题型:阅读理解 题类:常考题 难易度:普通
甘肃省天水一中2015-2016学年高一下学期期末英语考试试卷
Time is more precious than money for an increasing number of people who are choosing to live more with less—and liking it.
Kay and Charles Giddens, two lawyers, sold their home to start a B&B hotel. Four years later, the couple dishes out banana pancake breakfast, cleans toilets and serves homemade chocolate chip cookies to guests in a B&B hotel surrounded by trees on a hill known for colourful sunsets.
“Do I miss the freeways? Do I miss the traffic? Do I miss the stress? No,” says Ms. Giddens, “This is a phenomenon that's fairly widespread. A lot of people are revaluating their lives and figuring out what they want to do.
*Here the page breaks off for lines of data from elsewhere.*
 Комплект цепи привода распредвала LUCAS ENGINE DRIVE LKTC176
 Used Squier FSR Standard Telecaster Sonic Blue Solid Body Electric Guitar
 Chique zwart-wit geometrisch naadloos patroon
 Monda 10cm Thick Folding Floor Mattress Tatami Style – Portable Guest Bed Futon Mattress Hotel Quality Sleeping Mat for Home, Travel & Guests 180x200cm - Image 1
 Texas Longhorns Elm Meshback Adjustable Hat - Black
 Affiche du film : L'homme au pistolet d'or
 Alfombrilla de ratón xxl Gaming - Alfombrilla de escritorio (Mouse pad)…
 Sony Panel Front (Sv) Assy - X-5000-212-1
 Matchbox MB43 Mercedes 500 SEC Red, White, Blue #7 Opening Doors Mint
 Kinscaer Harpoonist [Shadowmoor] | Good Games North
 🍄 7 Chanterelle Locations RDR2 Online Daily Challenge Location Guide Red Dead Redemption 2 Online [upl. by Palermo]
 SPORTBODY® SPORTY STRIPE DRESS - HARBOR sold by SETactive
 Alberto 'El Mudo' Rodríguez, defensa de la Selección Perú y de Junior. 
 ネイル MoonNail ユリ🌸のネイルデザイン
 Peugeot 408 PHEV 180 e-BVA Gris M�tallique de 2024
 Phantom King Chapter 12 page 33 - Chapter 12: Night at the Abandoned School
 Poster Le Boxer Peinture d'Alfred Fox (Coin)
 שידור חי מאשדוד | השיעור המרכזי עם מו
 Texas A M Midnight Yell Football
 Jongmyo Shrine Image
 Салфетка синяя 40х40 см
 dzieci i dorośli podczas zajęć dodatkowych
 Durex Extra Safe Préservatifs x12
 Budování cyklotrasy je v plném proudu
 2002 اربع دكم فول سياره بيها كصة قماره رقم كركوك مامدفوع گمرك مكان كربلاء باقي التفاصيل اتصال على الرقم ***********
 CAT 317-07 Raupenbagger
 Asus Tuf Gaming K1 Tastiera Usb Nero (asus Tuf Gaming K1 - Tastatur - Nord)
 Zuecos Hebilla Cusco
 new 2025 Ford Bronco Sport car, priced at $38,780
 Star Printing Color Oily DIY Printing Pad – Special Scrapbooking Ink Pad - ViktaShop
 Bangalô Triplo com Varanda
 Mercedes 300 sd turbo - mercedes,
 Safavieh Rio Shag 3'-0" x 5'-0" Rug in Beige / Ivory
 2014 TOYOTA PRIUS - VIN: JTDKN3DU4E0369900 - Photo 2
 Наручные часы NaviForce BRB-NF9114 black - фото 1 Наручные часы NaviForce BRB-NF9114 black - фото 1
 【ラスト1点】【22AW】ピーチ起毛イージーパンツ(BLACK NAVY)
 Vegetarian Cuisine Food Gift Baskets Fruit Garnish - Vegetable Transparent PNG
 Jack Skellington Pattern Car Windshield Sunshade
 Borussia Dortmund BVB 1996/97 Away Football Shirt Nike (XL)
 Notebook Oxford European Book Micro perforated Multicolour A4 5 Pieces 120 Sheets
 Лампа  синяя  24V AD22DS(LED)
If their base is being damaged, what's the payoff?”
Simple living ranges from cutting down on weeknight activities to sharing housing, living closer to work, avoiding shopping malls, borrowing books from the library instead of buying them, and taking a cut in pay to work at a more pleasurable job.
Vicki Robin, a writer, lives on a budget equal to a fifth of what she used to make. “You become conscious about where your money is going and how valuable it is,” Ms. Robin says, “You tend not to use things up. You cook at home rather than eat out…”
Janet Luhrs, a lawyer, quit her job after giving birth and leaving her daughter with a nanny for two weeks. “It was not the way I wanted to raise my kids,” she says, “Simplicity is not just about saving money; it's about me sitting down every night with my kids to a candlelit dinner with classical music.”
Mrs. Luhrs now edits a magazine, Simple Living, which publishes tips on how to buy recycled furniture and shoes, organize potluck dinners instead of expensive receptions, and generally how to consume less.
Mrs. Luhrs explains, “It's not about poverty. It's about conscious living and creating the life you want. The less stuff you buy, the less money goes out of the door, and the less money you have to earn.”